The Holocaust Is Still with Us

On August 21, 2015, the Israeli-born actress Natalie Portman, who won an Oscar in 2011 for her role as an obsessed ballerina in the film Black Swan, made a controversial debut on the political stage. She commented that the Holocaust has been the focus of too much attention from some in the Jewish community, and that it should not be used as a paranoid way of thinking that we (Jews) are victims.

Ms. Portman is recognized as an impressive actress, but her political views and the timing of her political statement would not receive an Oscar.  Portman may not be obsessed by the question of the Holocaust, but other contrary views appeared virtually simultaneously.  The Holocaust issue was ignited about the same time of her statement by non-Jews in two ways: one by the notorious British Holocaust denier David Irving, the other by the publication of extraordinary heartrending photographs of the humiliation and murder of Jews in Ukraine during World War II.

With brazen immodesty, David Irving sells himself as the world’s most respected historian and the world’s top expert on World War II.  Most of the world thinks otherwise.  He lost a court case when in 1996 he sued Professor Deborah Lipstadt and Penguin Books for defamation concerning his denial of the existence of Nazi gas chambers.  In another case, he was sentenced to three years' imprisonment by an Austrian court in 2006 for denying the Holocaust.

In London in late July 2015, Irving addressed a secret meeting of 120 fascist sympathizers and neo-Nazis, some of whom wore black T-shirts with the logos of European fascist groups, with others dressed in camouflage with chains.  Other speakers at this gathering of the most well-known international Holocaust deniers included an individual who describes himself as the “best friend” of Rudolf Hess and the American Mark Weber, director of the Institute for Historical Review and publisher of a journal that promotes Holocaust denial.

More startling than the disgraceful ignorance and bigotry of these Holocaust deniers is the publication in August 2015 in the London Daily Mail of evidence of the still not fully revealed enormity of the Holocaust in Ukraine.  This evidence is mainly due to the work of a French Catholic priest, Father Patrick Desbois, consultant to the Vatican and co-founder in 2004 of Yahad-in-Unum, whose objectives are to confront anti-Semitism and to further relations between Catholics and Jews.

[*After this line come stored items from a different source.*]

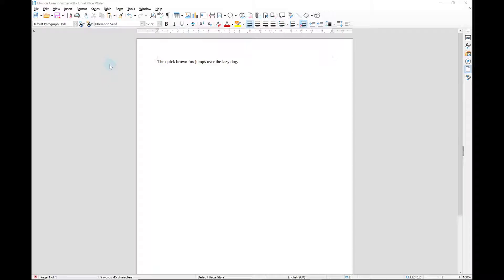This tutorial is all about how to change case in LibreOffice and this is a really useful thing to know how to do quickly.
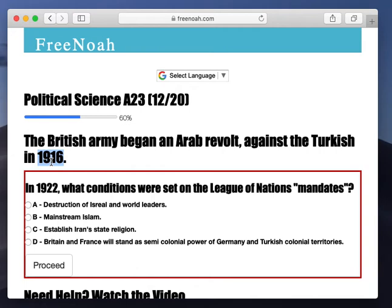They understood that the British were funding or providing some type of military aid to Arab civilization to revolt against the Turkish Ottoman Empire. These revolts were led by Arab nationalists who were basically a part of the Ottoman Empire but never respected or never gained the level of nobility that the Turkish civilians had.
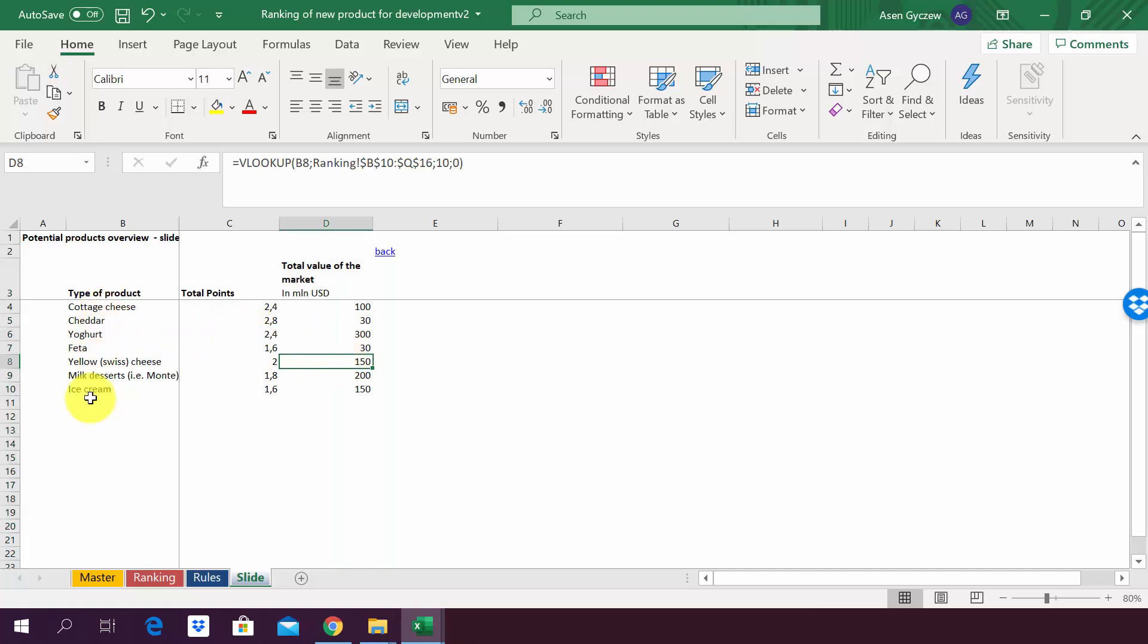We also estimated the total value of the market and we would like to have those things on a graph. We would also like to have the things which we have on the left, the names of the different product groups, as data labels, and this is what we're gonna do now.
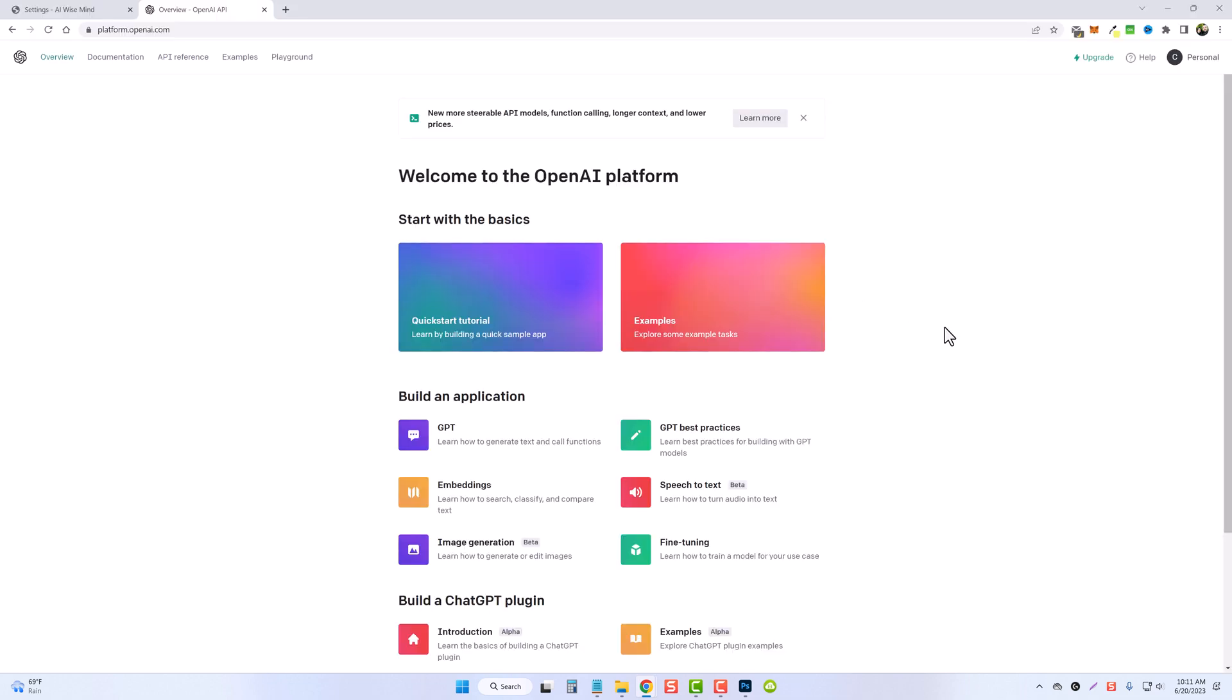Now currently after you register it takes you to a page like this. This may change in the future but for right now all you have to do is come up and click on your icon by your name in the upper right corner.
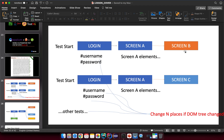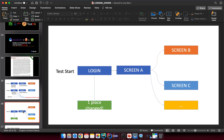The problem is: one day a developer decides to change something related to the XML structure in mobile development, and now the selector has changed. If you have around 100 test cases, that means you need to go to 100 places and change the selector value — that's a big problem.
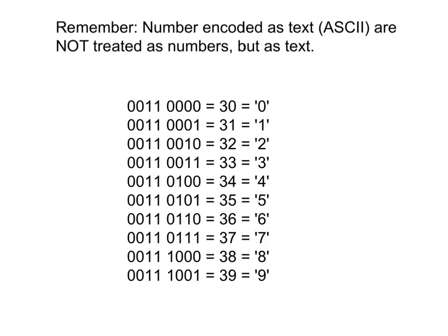Because as long as you know that set of rules, you'll be able to form any letter, capital or lowercase, and any number. The most important thing to understand in this lesson, by far, is to remember that a number typed on the keyboard is encoded differently than the actual value of that number.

Desbois, a forensic anthropologist, published Holocaust by Bullets, on the Nazi mobile units that killed the Jewish population of small villages.  Over the last decade he has been concerned with identifying and locating mass graves of Jews killed during the Holocaust in Eastern Europe.  Through careful research in Russia, Germany, and Washington, D.C., and by inspections of villages across the Ukraine and Eastern Europe and interviews with residents, Father Desbois and his team of Yahad-in-Unum have uncovered 2,000 mass killing sites in the continent of extermination.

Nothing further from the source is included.